Something's wrong with that Coronado route. That is nowhere near 42 miles. We do that ride starting at Liberty station, which is west of the airport, and it's only about 35 miles IIRC. It is a scenic route however. 

Never done the GWL...but it's on my list. It's a ton of climbing and in the boonies.


----------



## Kristatos (Jan 10, 2008)

The Garmin site was down when I just clicked on those links but assuming the GW loop is the one that starts/finishes at the Starbucks in Rancho San Diego that is a very good route - easy to follow. There is a decent amount of climbing and some fun & fast descents. It can get cold and windy in those mountains so keep an eye on the forecast. 

On Saturdays there are quite a few group rides that can be options also if you want a fast/hard workout. 

Moment Cycle Sport in Liberty Station on Pt Loma (near airport) had high-end rentals last time I was in there.

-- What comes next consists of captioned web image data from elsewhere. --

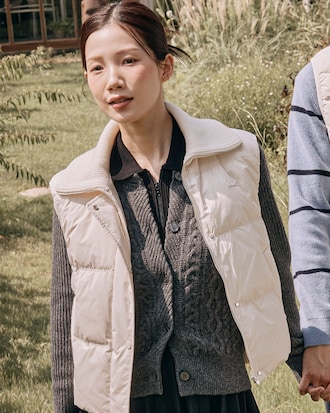 스웨터 카라 다운베스트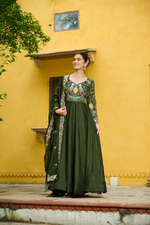 Henna Vichitra Multi-Thread Embroidered Gown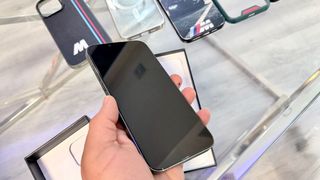 iPhone 13 Pro max 256gb Verde con 5 Fundas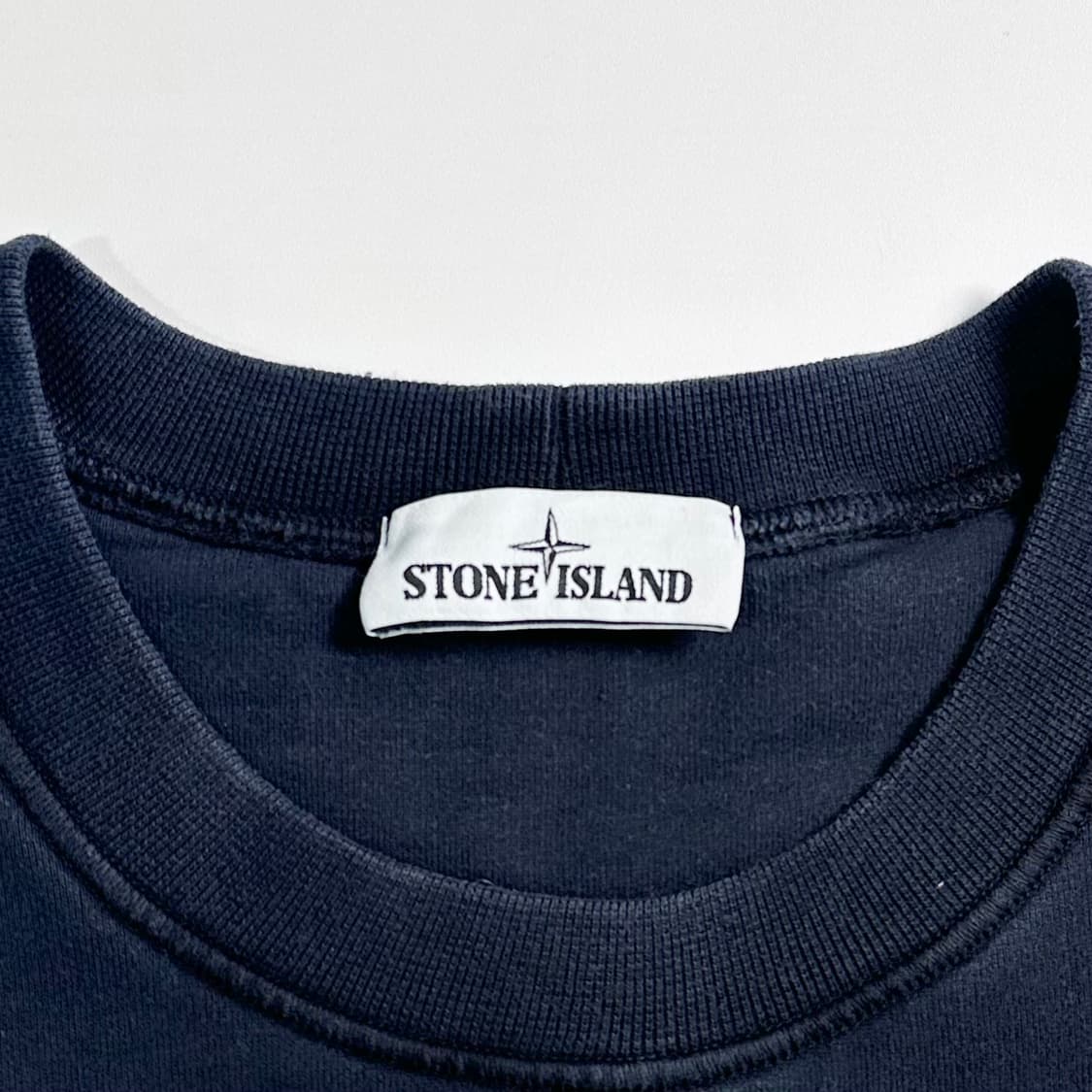 스톤아일랜드 와펜 맨투맨 상품이미지6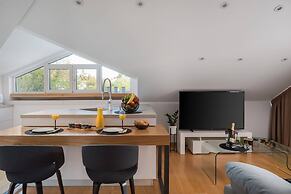 Stunning Villa Scorpaena w swimming pool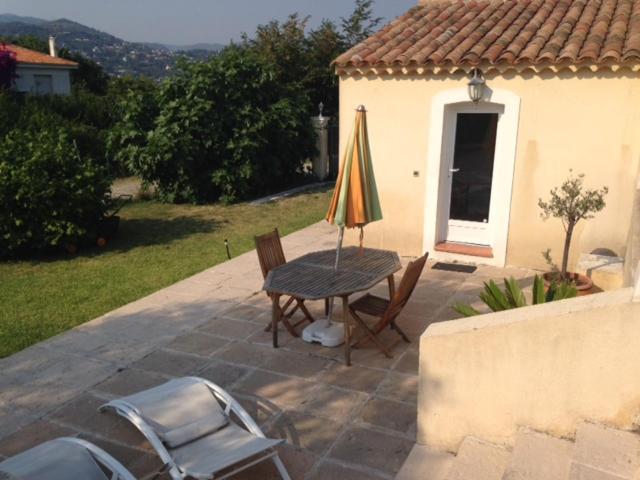 Apartment Magnifique 2 Adultes, 2 Enfants Nice, Piscine, Parking *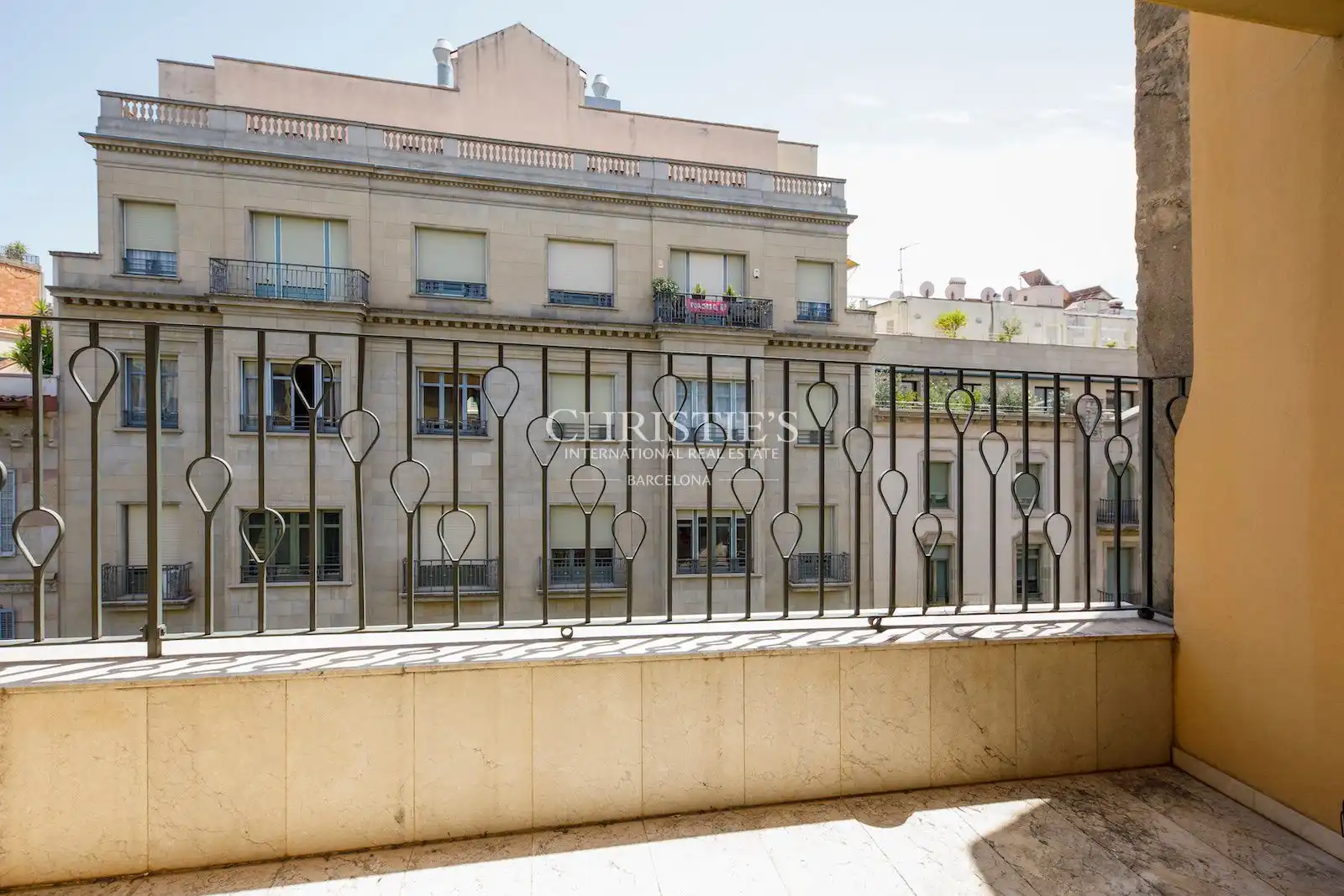 Vista exterior de Dúplex en venda en Barcelona amb Aire condicionat i Terrassa
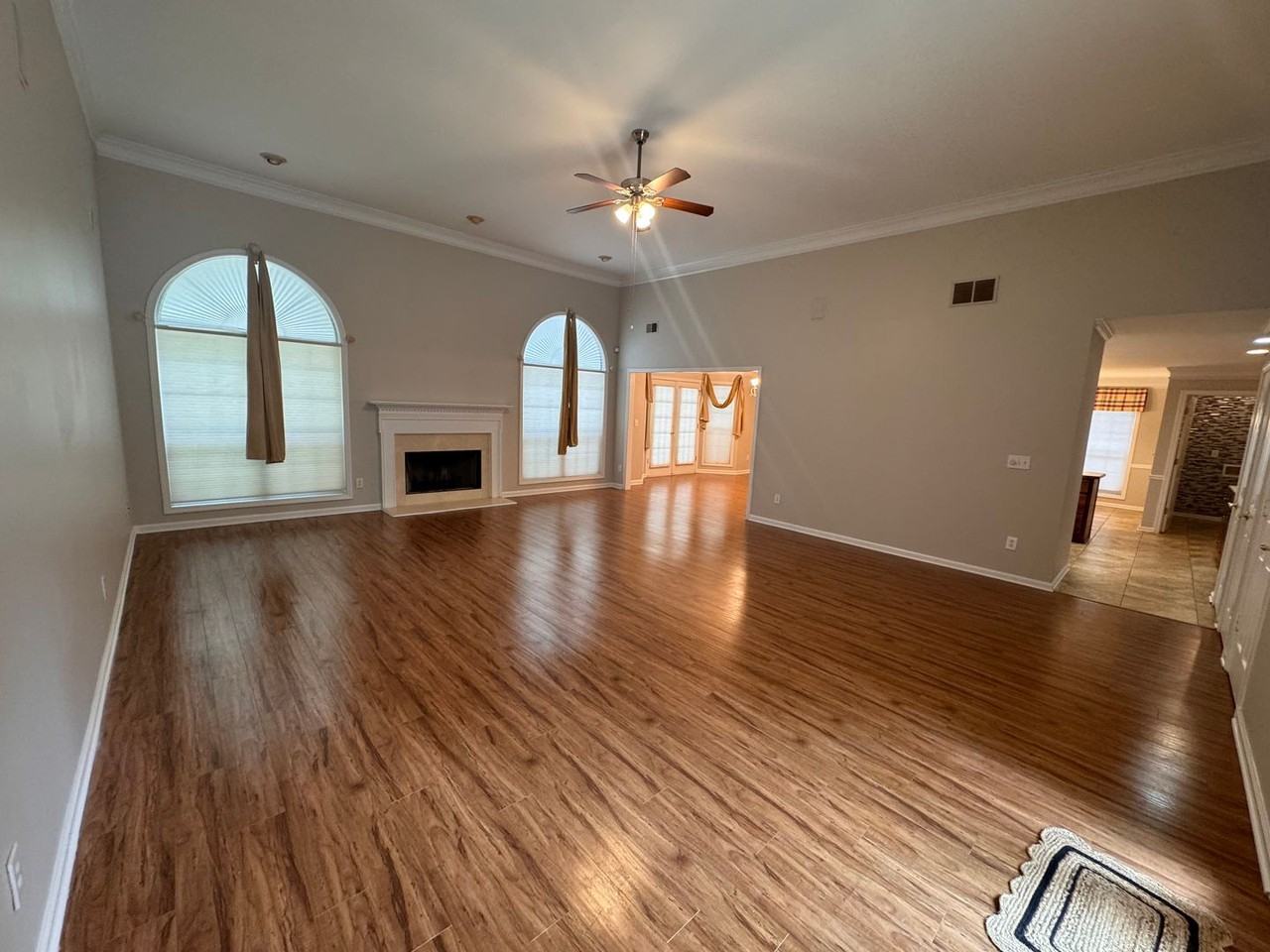 45 Alexander Ct - Photo 2 of 31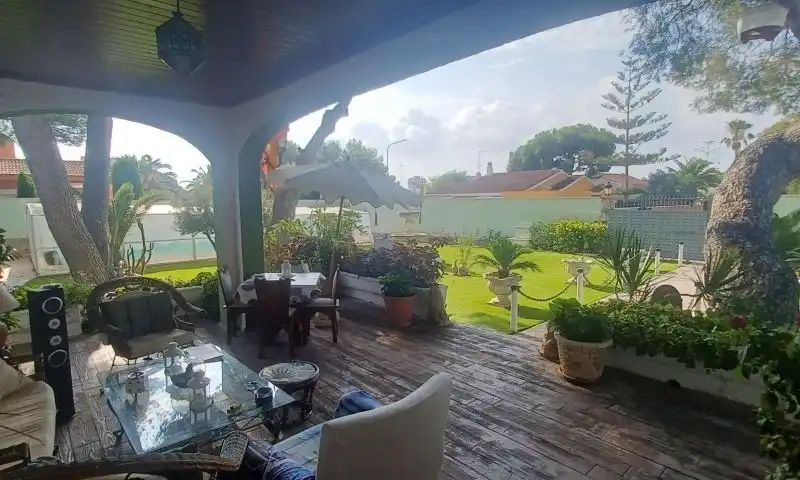 Chalet con piscina en venta en Calle  Pablo Neruda-Campoamor, imagen 2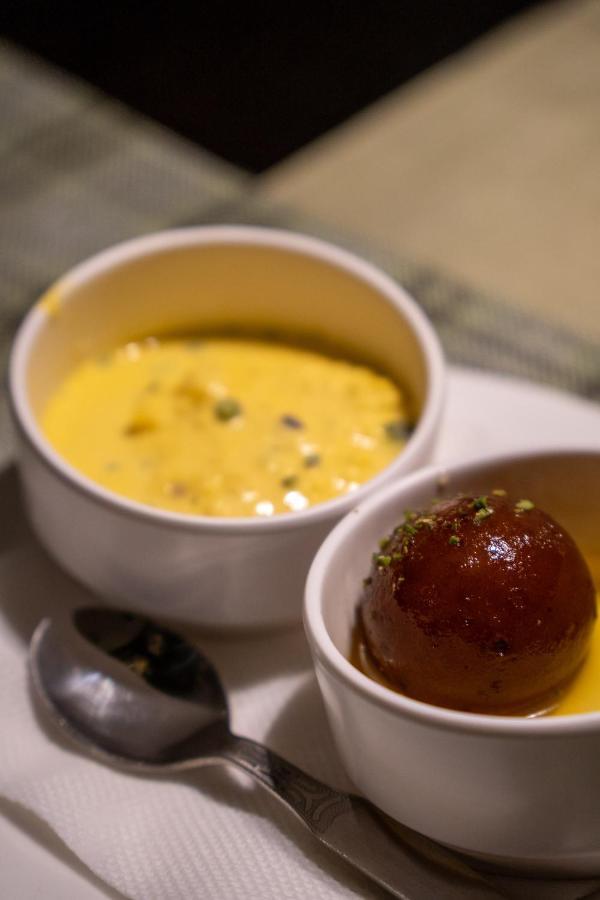 Barsana Boutique Hotel - Pure Vegetarian Calcutta Eksteriør billede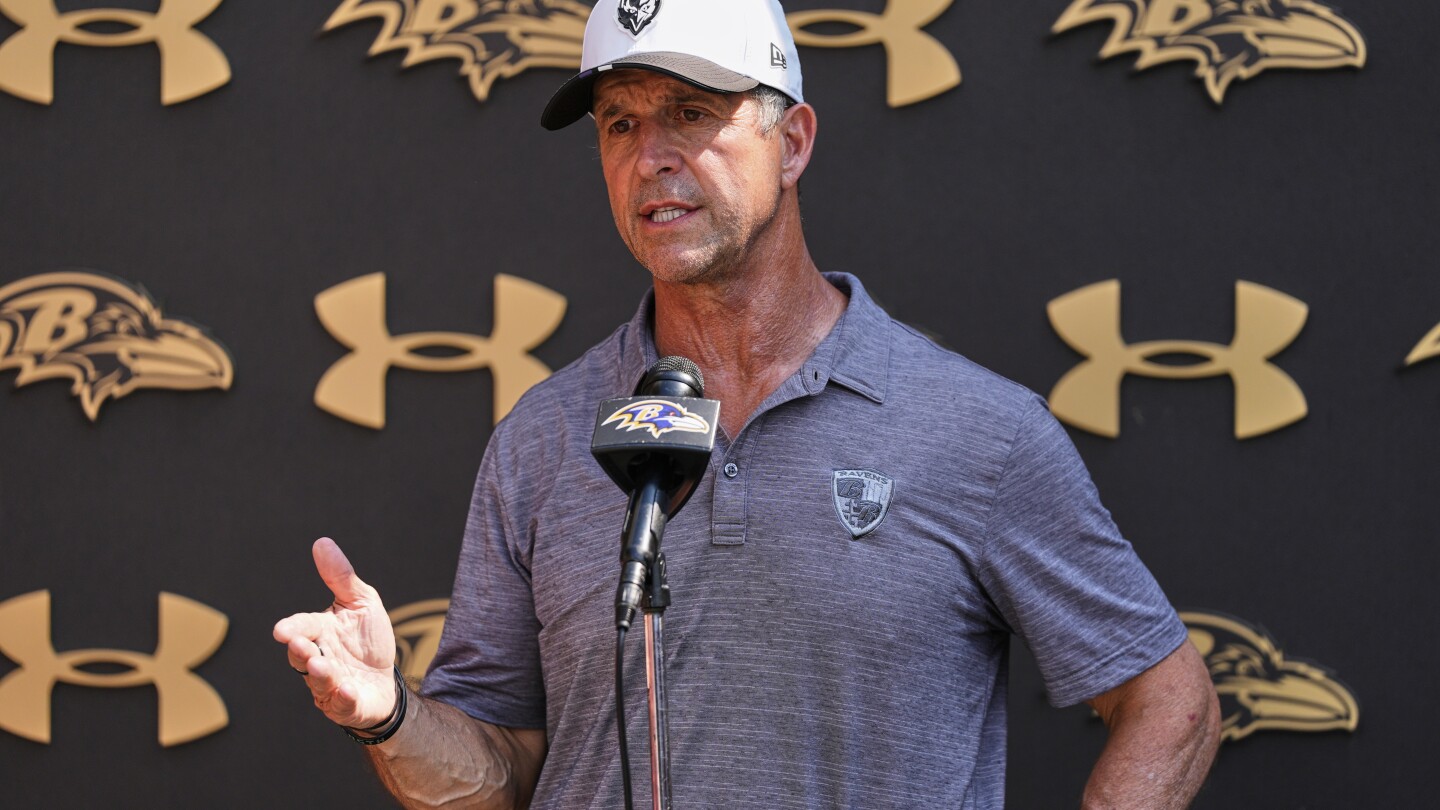 Ravens' Harbaugh calls White House visit with Trump 'amazing' experience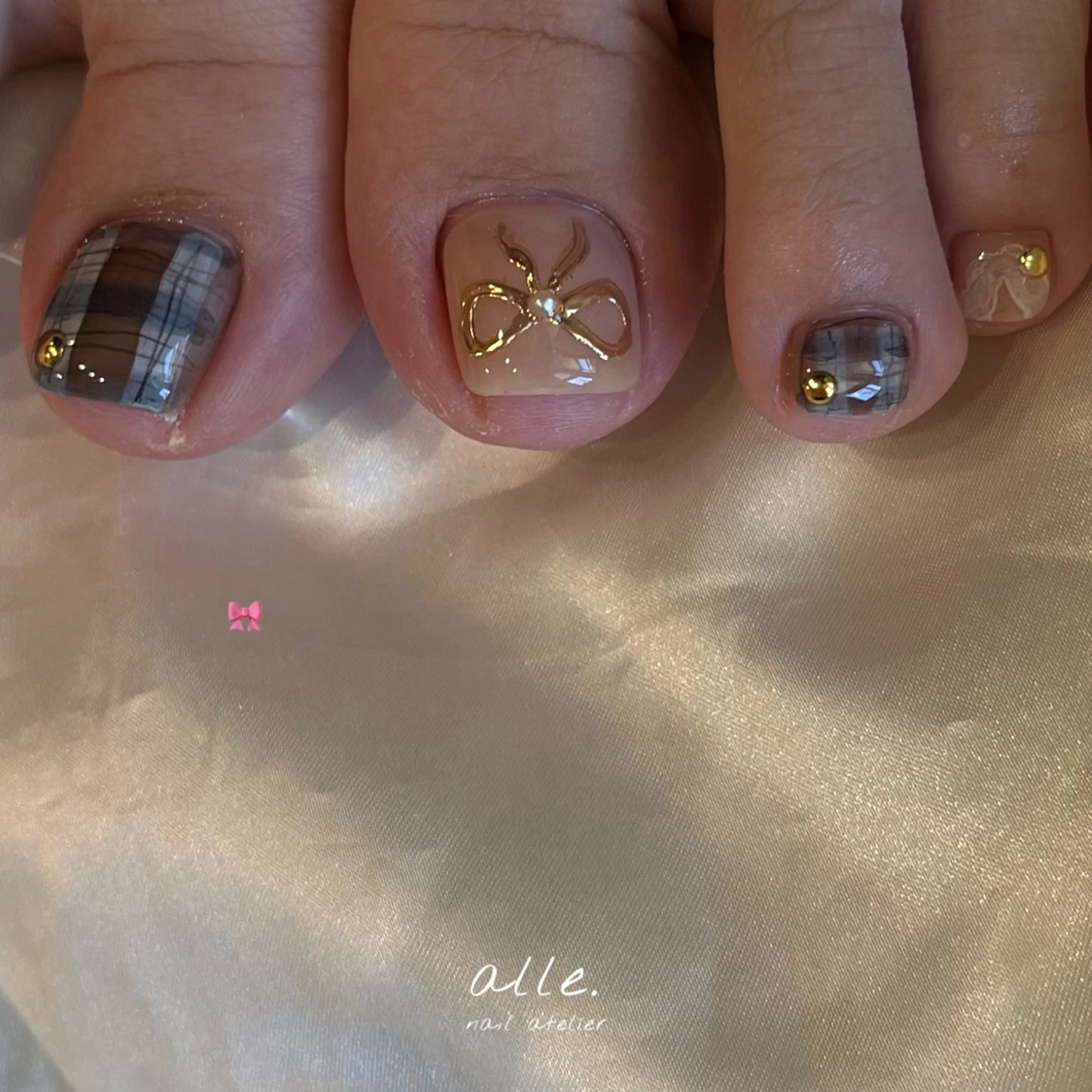 ネイル フットネイル atelier alle.のネイルデザイン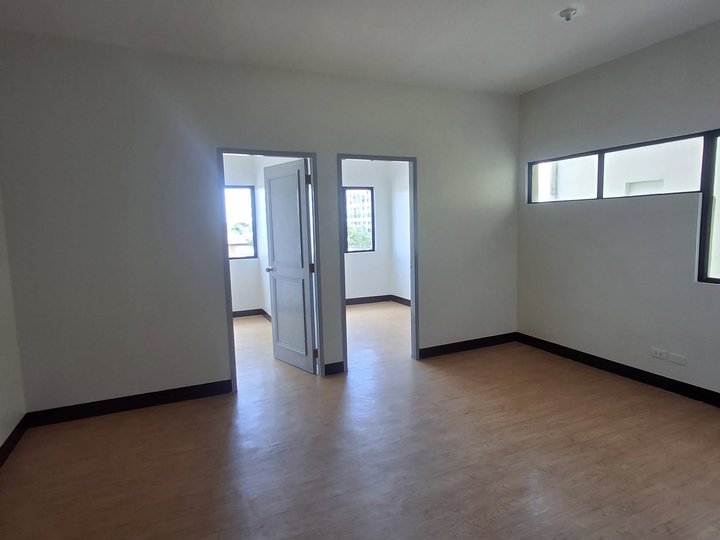 Brand new Ready for Occupancy 2 bedrooms Condo 42 SQM iN Cambridge Village, Affordable Monthly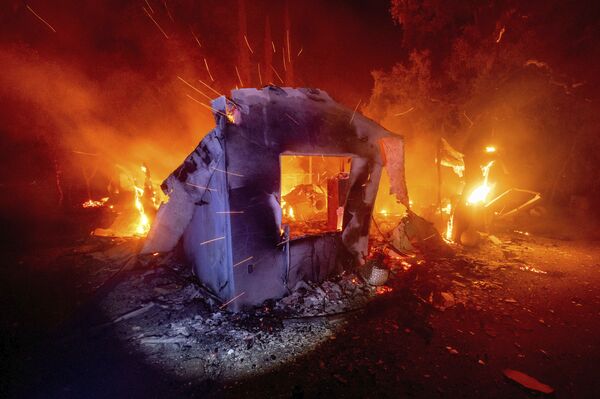 Горящий дом во время лесных пожаров в Калифорнии - Sputnik Таджикистан
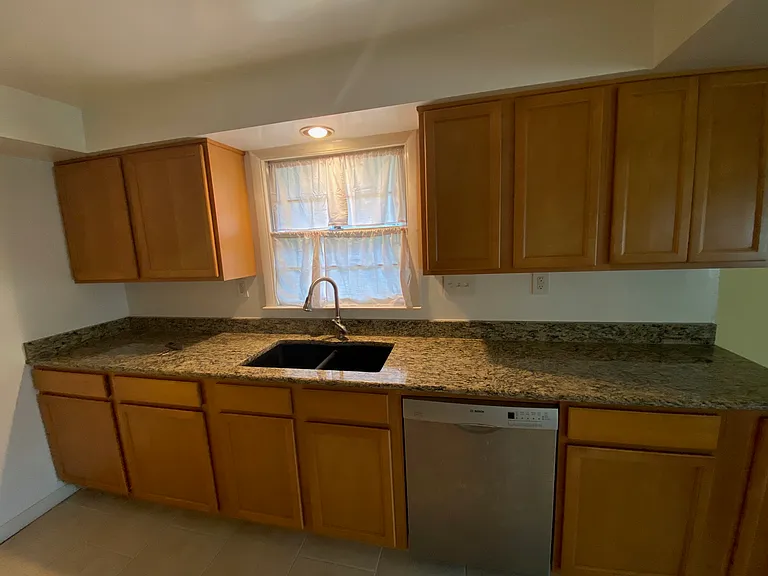 28509 McCarty Dr — Photo 11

I would give them a call - there are also several other threads in this forum where people have looked for rentals in SD and found them, so digging up some of those will give you some leads.


----------



## andyaa (Mar 5, 2008)

chudak said:


> Something's wrong with that Coronado route. That is nowhere near 42 miles. We do that ride starting at Liberty station, which is west of the airport, and it's only about 35 miles IIRC. It is a scenic route however.
> 
> Never done the GWL...but it's on my list. It's a ton of climbing and in the boonies.


I took another look at the Coronodo route in Garmin. If you add mile markers you can see that it goes all the way out then turns around around and comes back on the same route.


----------



## chudak (Jul 28, 2012)

andyaa said:


> I took another look at the Coronodo route in Garmin. If you add mile markers you can see that it goes all the way out then turns around around and comes back on the same route.


Ha! That explains it....we usually take the ferry across the bay from Coronado.


----------



## JaeP (Mar 12, 2002)

andyaa said:


> I took another look at the Coronodo route in Garmin. If you add mile markers you can see that it goes all the way out then turns around around and comes back on the same route.


If you do the Coronado route there is a group that has been regularly riding the Strand for the past 30 years (Affectionately known as The Donut Ride). The group is called The Crown City Cyclist and they leave Coronado promptly at 7:00 am and cruise down to Imperial Beach where they turn around. One group races back to Coronado. This group is fast as there are some Cat 1 and 2's. Afterwards, there is coffee and donuts at Pats house.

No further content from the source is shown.